Skip all pictures. Set down only the lines starting at the line containing "Original Nude Mixed Media by Janice Clements" and running to the end of the listing.

SUPPLIED INFORMATION below:

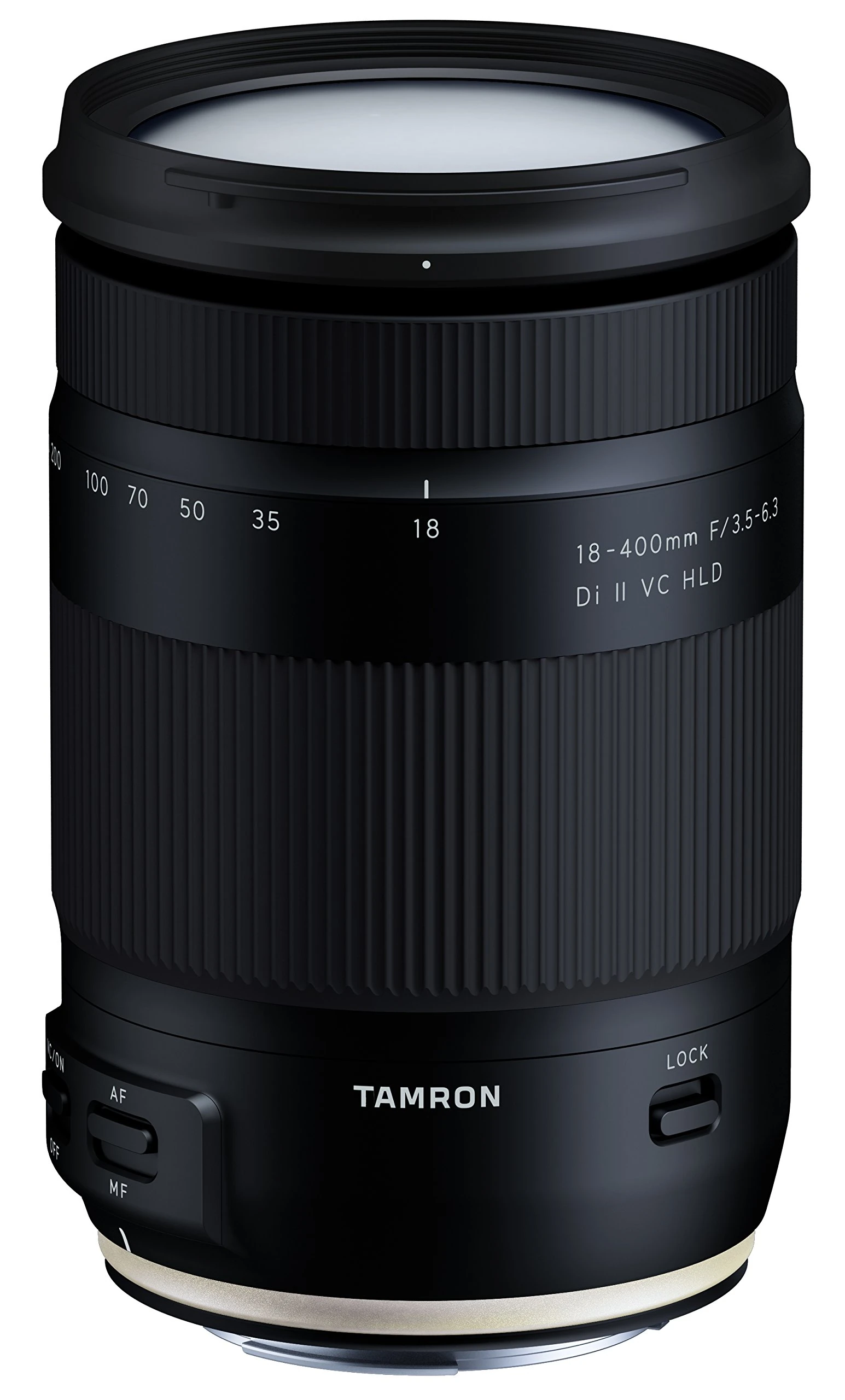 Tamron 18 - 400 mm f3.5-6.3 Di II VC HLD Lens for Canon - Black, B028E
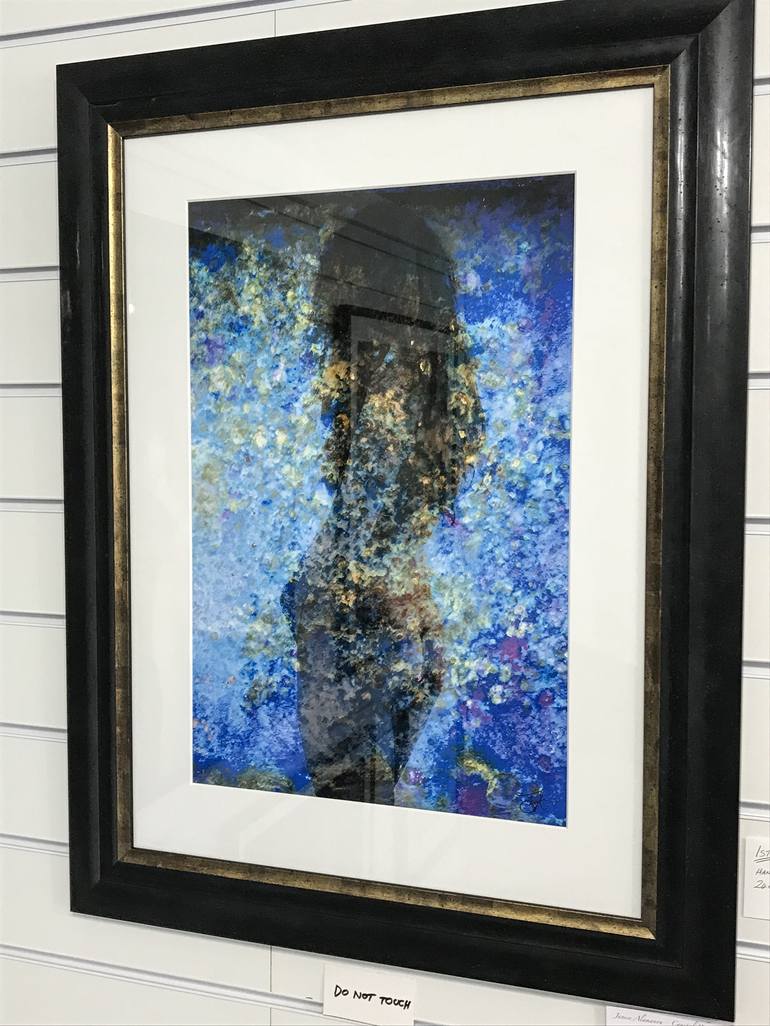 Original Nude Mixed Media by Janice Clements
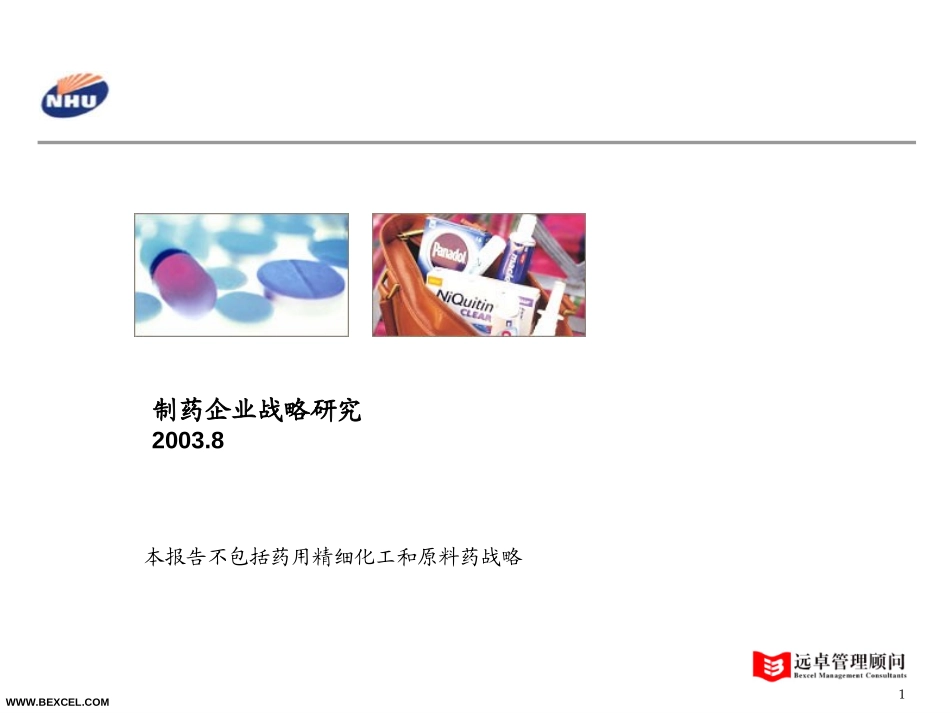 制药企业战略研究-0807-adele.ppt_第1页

End of SUPPLIED INFORMATION.

- **PROBLEM SOLUTION**
 Original Nude Mixed Media by Janice Clements
 制药企业战略研究-0807-adele.ppt_第1页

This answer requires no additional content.